WHAT YOU ARE ASKED TO DO: Although the listing contains pictures, reproduce only its text, exactly as written.

AVAILABLE DATA:

----------------

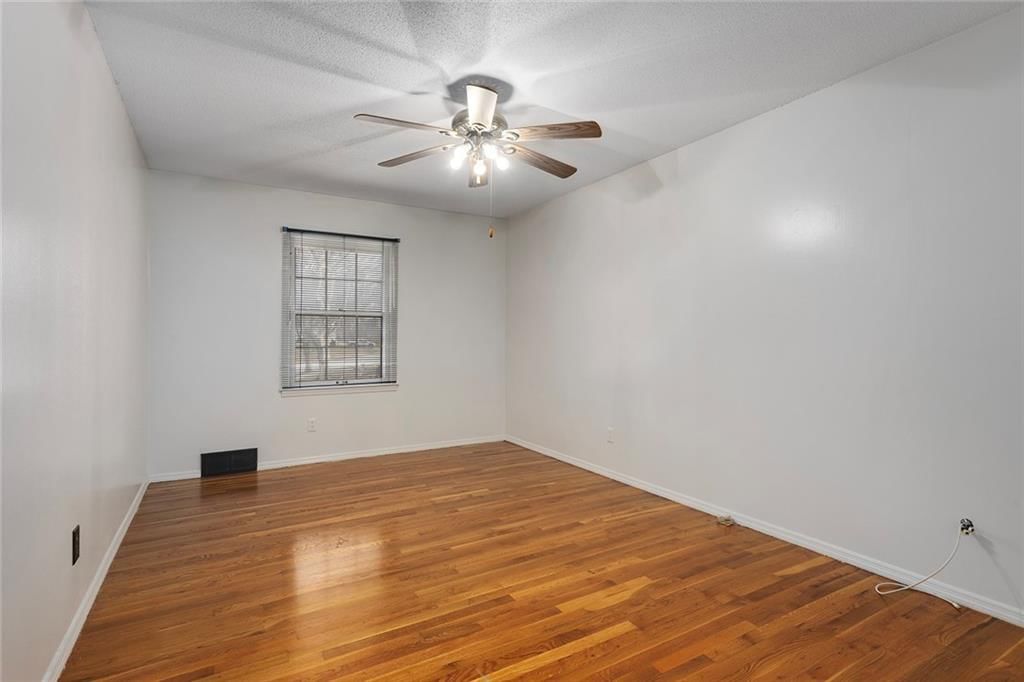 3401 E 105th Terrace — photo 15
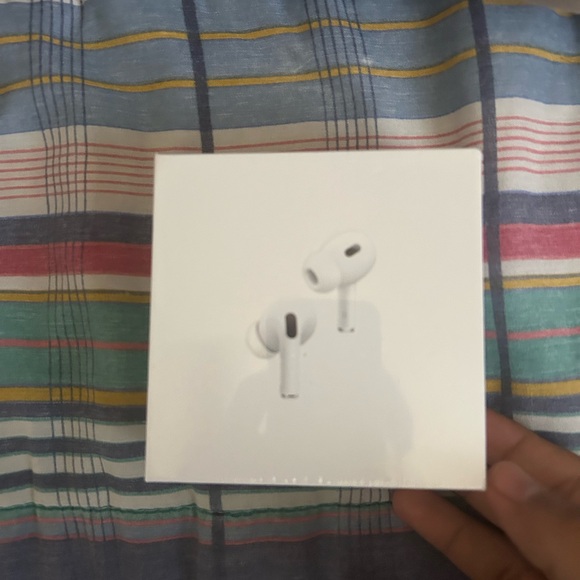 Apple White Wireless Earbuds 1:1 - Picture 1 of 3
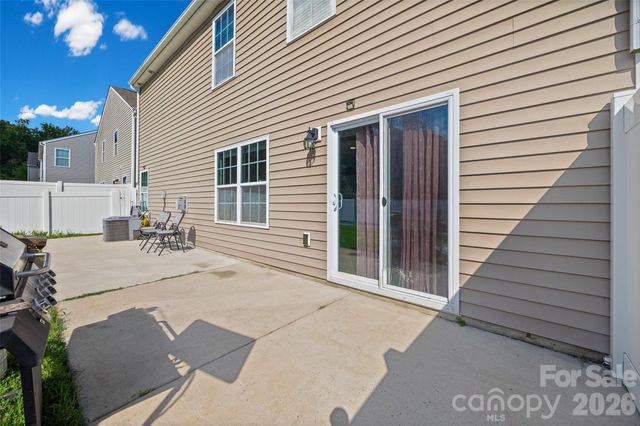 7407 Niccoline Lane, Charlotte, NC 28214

----------------

RESPONSE:
 3401 E 105th Terrace — photo 15
 Apple White Wireless Earbuds 1:1 - Picture 1 of 3
 7407 Niccoline Lane, Charlotte, NC 28214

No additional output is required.